Steuerkanzleien: Digitale Zusammenarbeit mit Mandanten

Viel ist in den letzten Wochen und Monaten vom digitalen Wandel zu lesen und zu hören. Kaum ein Steuerberaterkongress, der an diesem Thema vorbeikommt. Euphorie über die Chancen der neuen Technologie wechselt sich dabei ab mit Untergangsszenarien des Berufsstands.

Sogar die Bundesregierung fragt sich exemplarisch neben zwei weiteren Berufsgruppen, was Steuerberater in Zukunft machen, wenn deren Aufgabenfelder teilweise wegfallen.

Nachdem wir in den letzten Monaten in Steuerkanzleien beleuchtet haben, wie Sie mit Ihren Mitarbeitern erfolgreich in die Zukunft steuern (insb. im E-Magazin Steuer 1,  Sonderausgabe zum digitalen Wandel), nehmen wir nun die Zusammenarbeit mit Ihren Mandanten in den Fokus.

Mehr qualitative Beratung

Die Cloud als Heilsbringer der medienbruchfreien Zusammenarbeit, künstliche Intelligenz und Big Data sollen künftig für 90 % Automatisierung sorgen und Informationen in Echtzeit liefern. Die Zusammenarbeit zwischen Kanzlei und Mandant geht also in – die schon seit Jahrzehnten propagierte – Richtung qualitative Beratung. Buchungsroutinen und Formulare ausfüllen gehören dagegen der Vergangenheit an. Das klingt doch nach positivem Fortschritt.

Glaubt man diesen Prophezeiungen und schaut dann jedoch in die typische Steuerberater-BWA, tun sich Abgründe auf: Laut Umsatzverteilung fallen 25 % auf den Bereich Rechnungswesen und 14 % auf private Einkommensteuererklärung. Und auch von den 30 % Jahresabschlusstätigkeiten wird das eine oder andere wegrationalisiert. Diese "Honorarbastionen" werden durch automatisierte Prozesse als Erstes fallen. Welche Kanzlei verkraftet problemlos Honorarverluste in einer Größenordnung von 30 %? Bzw. wie können Kanzleien diese durch qualitativ beratende Tätigkeiten ausgleichen, wenn der Steuerberater der Flaschenhals ist und die Mitarbeiter dafür fehlen?

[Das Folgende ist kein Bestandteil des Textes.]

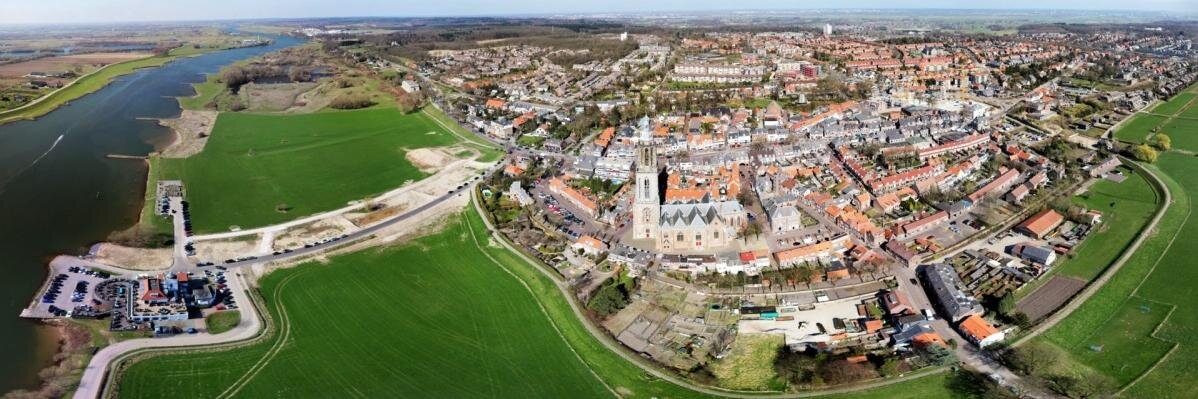Wijk_Rhenen's profile banner image
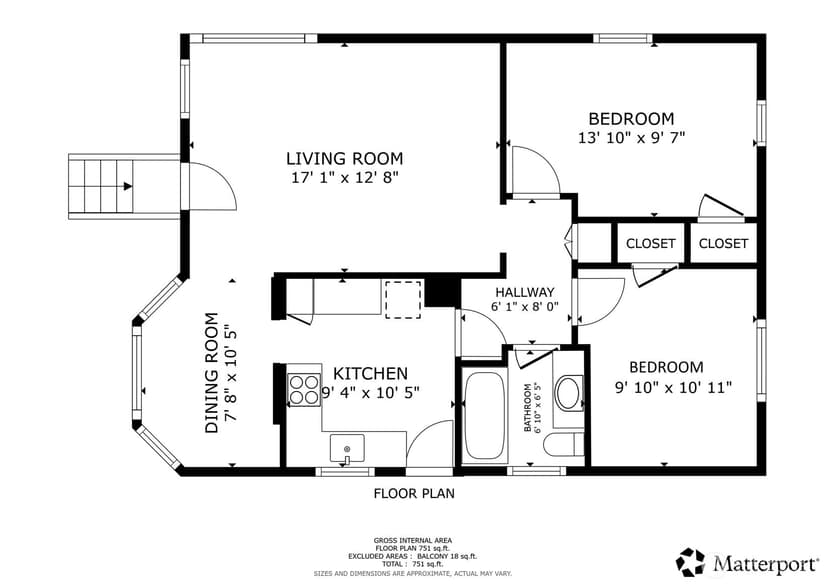 Property photo for 1123 Trenton Avenue, Bremerton photo 25
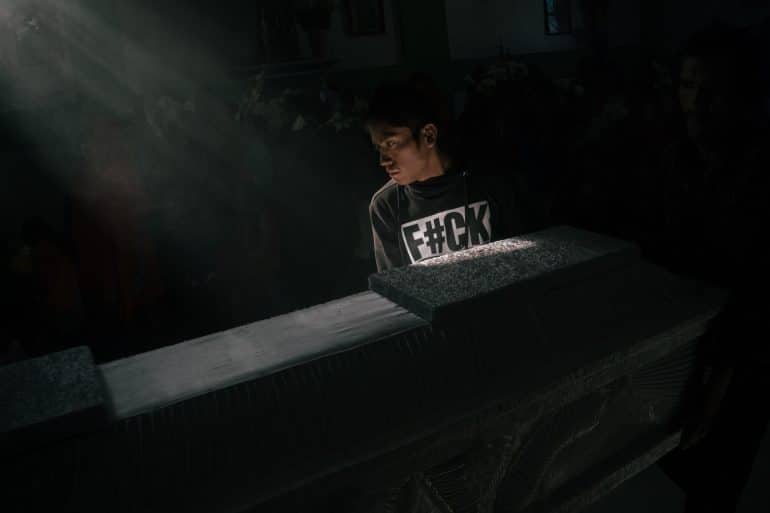 4a740458-bc08-7c41-18e0-d05853ce4a80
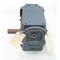 Falk RIGHT ANGLE GEAR REDUCER 56 1.93HP 5:1 325WPCM2A - alternate 5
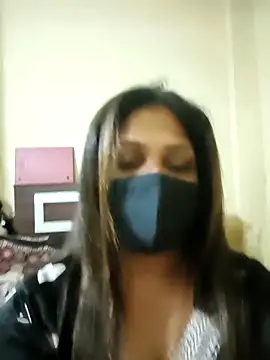 Snapshot of SluttySonam chatting on April 2026 09:23:01 PM SluttySonam online show from April 2026 09:23:01 PM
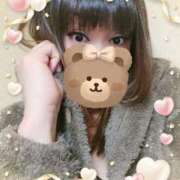 ヒメ日記 2025/01/15 10:18 投稿 飯島 熟女デリヘル倶楽部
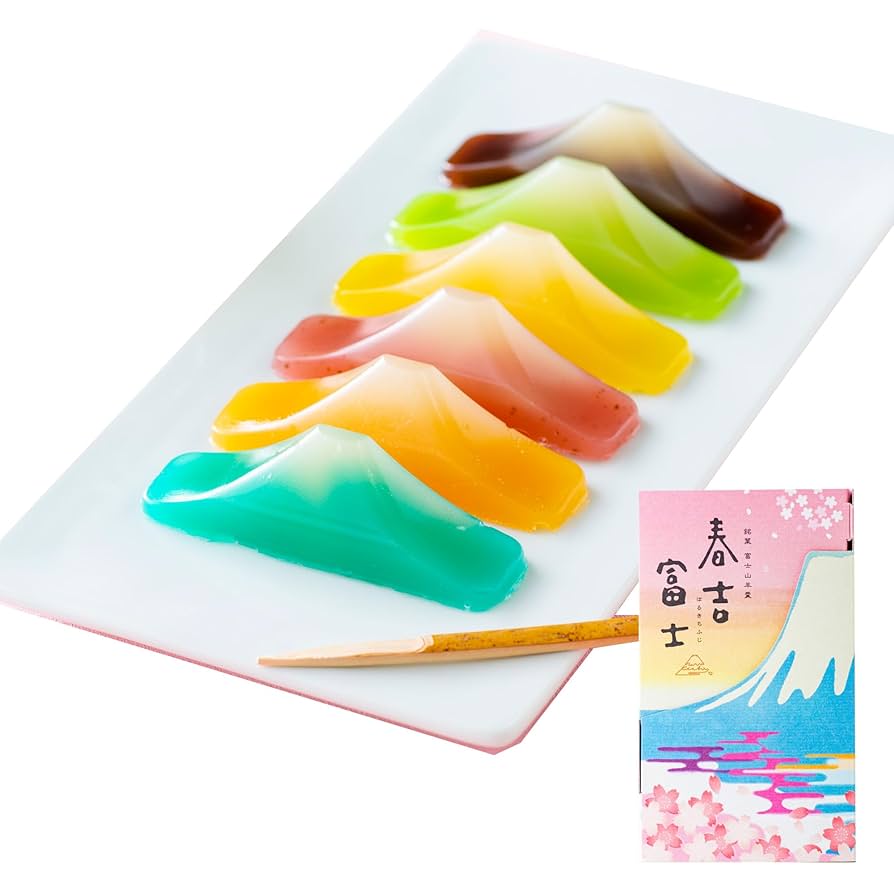 ようかん 鶴吉羊羹（本練）|おみやげ | 【公式】熱海市の観光サイト あた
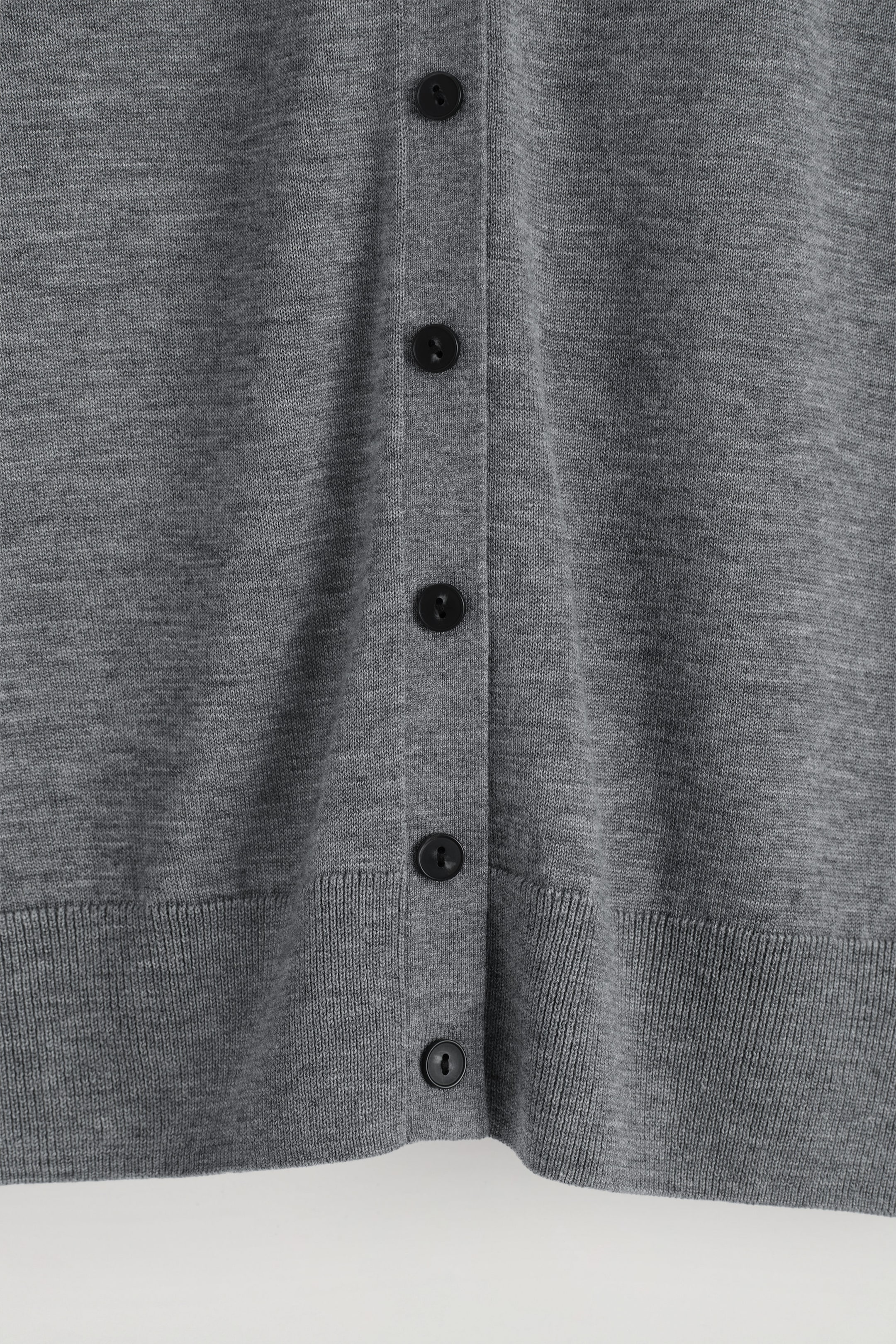 StillMedia/DescriptiveDetail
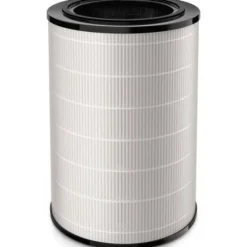 Philips Filtr do oczyszczacza FY4440/30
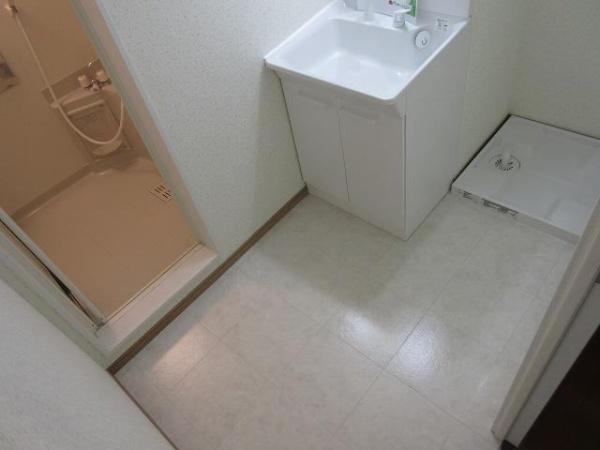 清水町ＭＡマンション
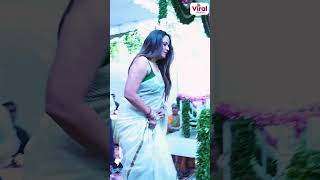 Anasuya Bharadwaj Latest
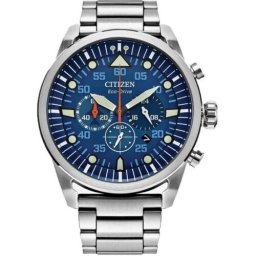 Citizen Eco-Drive CA4211-72L CA4211-72L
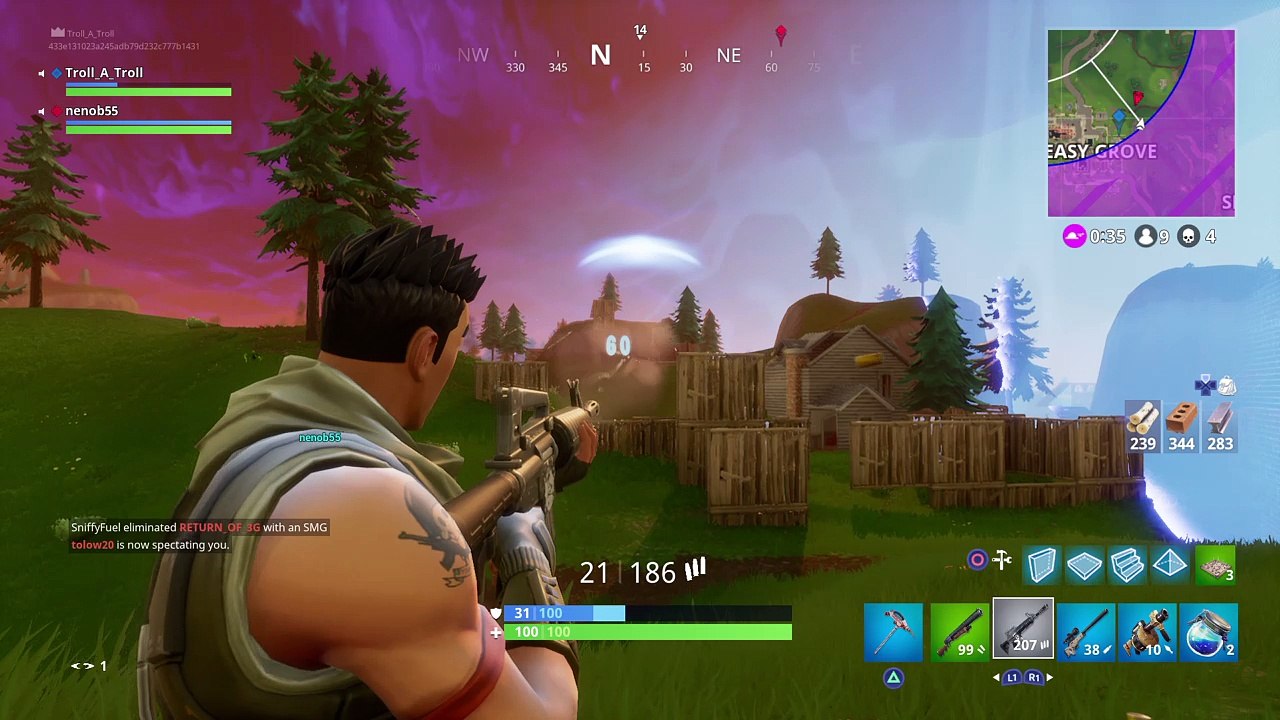 Fortnite_nice double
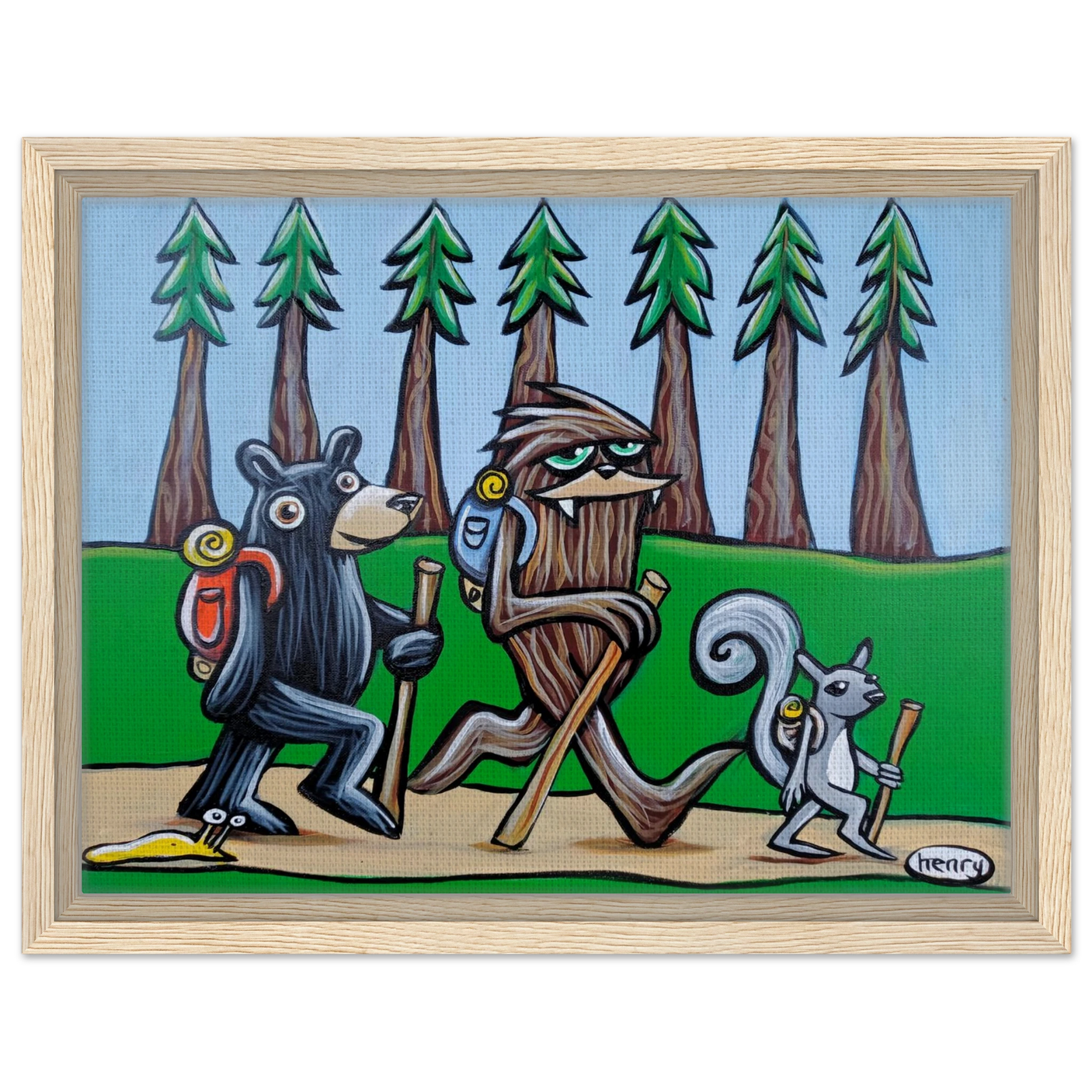 cddb9e67-19ee-433c-8985-824101724255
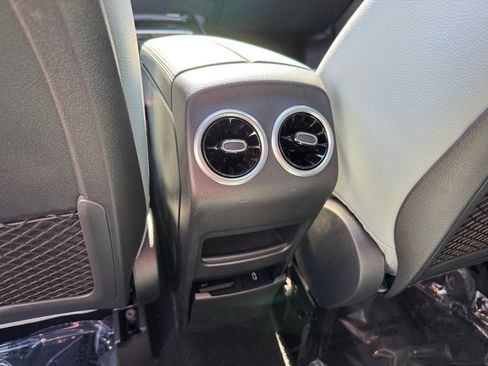 Certified 2026 Mercedes-Benz GLA 250 image 19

Keiner weiß, wie die Zukunft konkret aussehen wird

Die Veränderungsgeschwindigkeit und -dichte bei Technologien wie Cloud-Lösungen und App-Anwendungen ist so rasant, dass ein realistisches Bild für 2020 und darüber hinaus kaum möglich ist. Oder hätten Sie sich vor 10 Jahren die heutige Welt mit Smartphone, Facebook, Amazon & Co. vorstellen können?

Beispiel: Exponentielles Wachstum
Lineares Denken ist menschlich, exponentielles übersteigt unser Vorstellungsvermögen. Ein schönes Beispiel dazu (die Geschichte mit dem Schachbrett kennen die meisten inzwischen): Stellen Sie sich vor um 12 Uhr fällt ein Wassertropfen in das Bundesligastadion Ihres Lieblings-Erstligisten. Jede Minute verdoppelt sich die Anzahl der Tropfen, also
  • 12:01 - 2
  • 12:02 - 4
  • 12:03 - 8
  • 12:04 - 16
  • 12:05 - 32 usw.

Dann ist das Stadion um 12:45 Uhr zu 7% gefüllt. Um wie viel Uhr ist es zu 100% voll? Was schätzen Sie?Genau 4 Minuten später um 12:49 Uhr. In diesem Tempo wandeln sich Technologien - und mit ihnen ganze Branchen.

Merksatz: Der digitale Zug nimmt jetzt gerade volle Fahrt auf; wer noch nicht aufgesprungen ist, verpasst den Anschluss.

Viele Steuerberater fragen sich deshalb zu Recht, wie eine sinnvolle Strategie aussieht. Wer eher konservativ denkt, neigt dazu abzuwarten – mit der Gefahr, den Anschluss zu verpassen. Innovative Geister preschen vor - mit dem Risiko auf das falsche (Technik-) Pferd zu setzen und immer wieder von Null zu beginnen.